Always Something To Remind Me

Know what really grinds my gears?
Hearing a favorite song become cannon fodder for commercials, bumps, and other corporate messaging.
Most people within the reach of the moving image have seen Intel’s ‘Multiply’ campaign. As the infectious bassline and glam jangles of New Young Pony Club’s ‘Ice Cream’ hit the screen, an androgynous female gyrates about in kaleidoscopic fashion. For more examples of songs bent over and tore up on TV, see Royksopp’s ‘Remind Me’ flirt with cavemen for GEICO, or Spank Rock’s ‘Bump’ blast during the beginning of an episode of last season’s Entrouage.
Hearing songs move from the personal to the public can be unnerving, but this ‘dismay’ is really self-loathing envy for well-timed creative direction.
The intersection of art and commerce, for all the dismay on the part of artists or the fans, is a very real, very necessary threshold. With or without relevant aesthetic quality, brands interact with society, and too often poor messaging or management leaves the intent far from the understanding of the consumer.
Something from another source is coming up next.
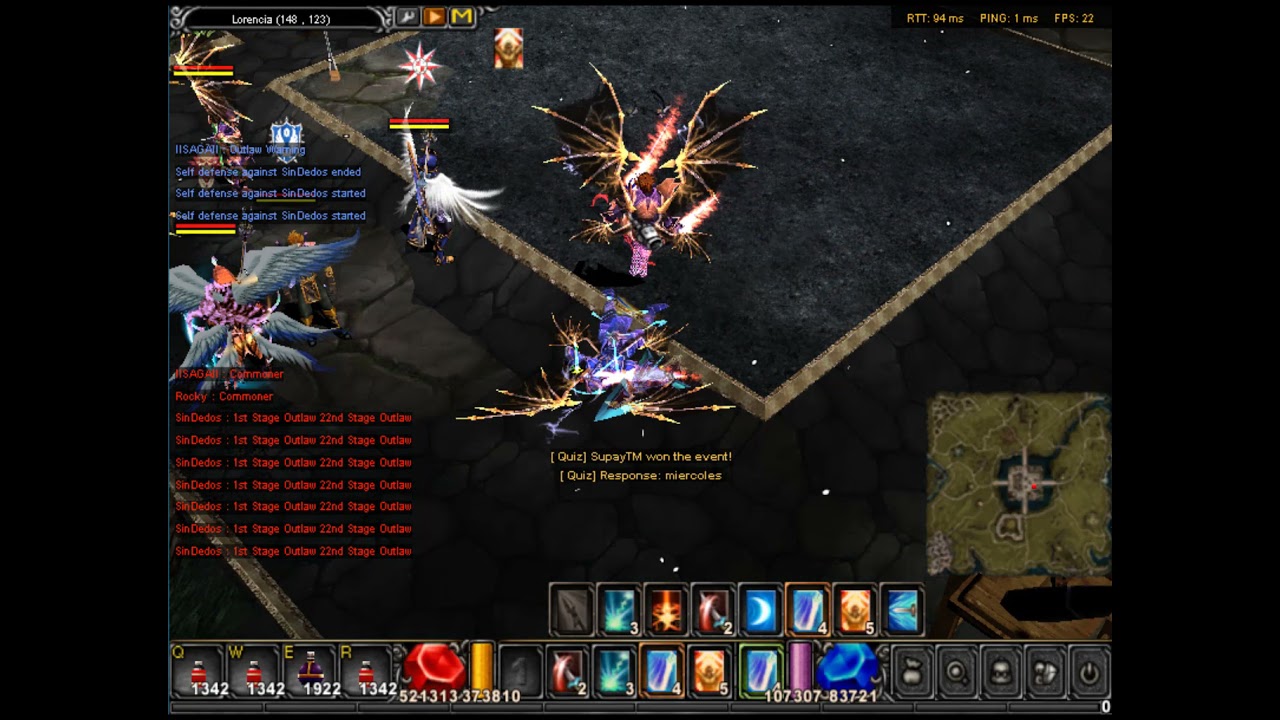 PVP Libre SinDedos (BRANCA) - Mu Odisea Season 6 | ALIANZA TITANES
Companies choose a target demographic that is communicated to creative directors, who work with trend consultants that come up with a barrage of styles, shapes, and sounds that they can use to form new ‘directions’ for the brand to present itself. Assuming the band is making money and all the invested parties are presumably content with the final product, should I not tip my hat at the happy marriage as well? Should I not be happier that a company at least is choosing music I like?
The point of all this is that in this haze of genre overlap and freelance everything, a certain amount of ‘letting go’ is necessary. At the risk of repeating the premise of every post ever made on this blog, you, or your company, or your friend, or some idea you stole from someone else, may be the hotness, and that is a bona fide edge in the market, but not for long. Be prepared to let it go, because with so much ‘everyware’-ness, your favorite song/smell/design is bound to be picked up with the quickness. Beyond being prepared for it. Be OK with it.
I suppose so-called ‘trend-seeking’ professionals can separate their own likes with that of the general marketplace, but I still sigh and get teary-eyed when I see my baby, no matter how poppy the material, blow up.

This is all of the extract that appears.